# Task objective:
The required output is the line that contains "Snapshot of sassyslayz" through the last line of the data, retyped verbatim and with nothing added.

# Extracted information:
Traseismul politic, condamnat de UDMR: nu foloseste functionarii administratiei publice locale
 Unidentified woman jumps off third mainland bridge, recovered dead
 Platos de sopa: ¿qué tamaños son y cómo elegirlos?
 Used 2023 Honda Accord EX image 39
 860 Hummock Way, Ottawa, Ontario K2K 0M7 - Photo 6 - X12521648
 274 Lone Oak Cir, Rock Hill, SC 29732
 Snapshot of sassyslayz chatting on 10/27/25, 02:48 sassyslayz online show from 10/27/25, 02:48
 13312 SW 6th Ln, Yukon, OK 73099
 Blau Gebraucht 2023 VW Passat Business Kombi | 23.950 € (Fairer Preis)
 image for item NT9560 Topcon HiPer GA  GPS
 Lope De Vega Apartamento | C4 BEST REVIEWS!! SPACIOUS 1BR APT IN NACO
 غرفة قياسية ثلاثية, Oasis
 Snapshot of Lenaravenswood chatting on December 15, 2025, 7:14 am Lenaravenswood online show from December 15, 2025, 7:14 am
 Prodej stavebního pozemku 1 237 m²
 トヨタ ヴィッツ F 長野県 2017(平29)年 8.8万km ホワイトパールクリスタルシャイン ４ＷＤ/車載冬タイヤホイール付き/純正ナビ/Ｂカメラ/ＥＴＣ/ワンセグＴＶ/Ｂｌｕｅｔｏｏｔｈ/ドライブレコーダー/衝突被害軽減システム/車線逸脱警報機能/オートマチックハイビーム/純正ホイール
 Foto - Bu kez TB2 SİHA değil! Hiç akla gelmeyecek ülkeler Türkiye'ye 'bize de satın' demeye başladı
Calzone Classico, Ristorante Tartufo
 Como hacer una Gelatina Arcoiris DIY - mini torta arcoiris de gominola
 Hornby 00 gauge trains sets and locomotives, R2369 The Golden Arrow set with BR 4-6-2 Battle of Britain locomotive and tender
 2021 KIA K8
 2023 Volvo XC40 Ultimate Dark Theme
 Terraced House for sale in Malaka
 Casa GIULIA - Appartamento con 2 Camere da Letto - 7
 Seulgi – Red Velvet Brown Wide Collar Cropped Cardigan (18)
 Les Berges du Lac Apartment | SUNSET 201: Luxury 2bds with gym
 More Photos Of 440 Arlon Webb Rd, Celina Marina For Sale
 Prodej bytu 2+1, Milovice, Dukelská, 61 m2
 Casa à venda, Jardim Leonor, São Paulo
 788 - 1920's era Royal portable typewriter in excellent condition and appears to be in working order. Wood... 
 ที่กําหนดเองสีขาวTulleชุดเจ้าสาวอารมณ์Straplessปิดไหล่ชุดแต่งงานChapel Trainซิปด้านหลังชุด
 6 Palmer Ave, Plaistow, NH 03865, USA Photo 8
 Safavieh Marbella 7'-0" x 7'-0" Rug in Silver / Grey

# Answer box:
 Snapshot of sassyslayz chatting on 10/27/25, 02:48 sassyslayz online show from 10/27/25, 02:48
 13312 SW 6th Ln, Yukon, OK 73099
 Blau Gebraucht 2023 VW Passat Business Kombi | 23.950 € (Fairer Preis)
 image for item NT9560 Topcon HiPer GA  GPS
 Lope De Vega Apartamento | C4 BEST REVIEWS!! SPACIOUS 1BR APT IN NACO
 غرفة قياسية ثلاثية, Oasis
 Snapshot of Lenaravenswood chatting on December 15, 2025, 7:14 am Lenaravenswood online show from December 15, 2025, 7:14 am
 Prodej stavebního pozemku 1 237 m²
 トヨタ ヴィッツ F 長野県 2017(平29)年 8.8万km ホワイトパールクリスタルシャイン ４ＷＤ/車載冬タイヤホイール付き/純正ナビ/Ｂカメラ/ＥＴＣ/ワンセグＴＶ/Ｂｌｕｅｔｏｏｔｈ/ドライブレコーダー/衝突被害軽減システム/車線逸脱警報機能/オートマチックハイビーム/純正ホイール
 Foto - Bu kez TB2 SİHA değil! Hiç akla gelmeyecek ülkeler Türkiye'ye 'bize de satın' demeye başladı
Calzone Classico, Ristorante Tartufo
 Como hacer una Gelatina Arcoiris DIY - mini torta arcoiris de gominola
 Hornby 00 gauge trains sets and locomotives, R2369 The Golden Arrow set with BR 4-6-2 Battle of Britain locomotive and tender
 2021 KIA K8
 2023 Volvo XC40 Ultimate Dark Theme
 Terraced House for sale in Malaka
 Casa GIULIA - Appartamento con 2 Camere da Letto - 7
 Seulgi – Red Velvet Brown Wide Collar Cropped Cardigan (18)
 Les Berges du Lac Apartment | SUNSET 201: Luxury 2bds with gym
 More Photos Of 440 Arlon Webb Rd, Celina Marina For Sale
 Prodej bytu 2+1, Milovice, Dukelská, 61 m2
 Casa à venda, Jardim Leonor, São Paulo
 788 - 1920's era Royal portable typewriter in excellent condition and appears to be in working order. Wood... 
 ที่กําหนดเองสีขาวTulleชุดเจ้าสาวอารมณ์Straplessปิดไหล่ชุดแต่งงานChapel Trainซิปด้านหลังชุด
 6 Palmer Ave, Plaistow, NH 03865, USA Photo 8
 Safavieh Marbella 7'-0" x 7'-0" Rug in Silver / Grey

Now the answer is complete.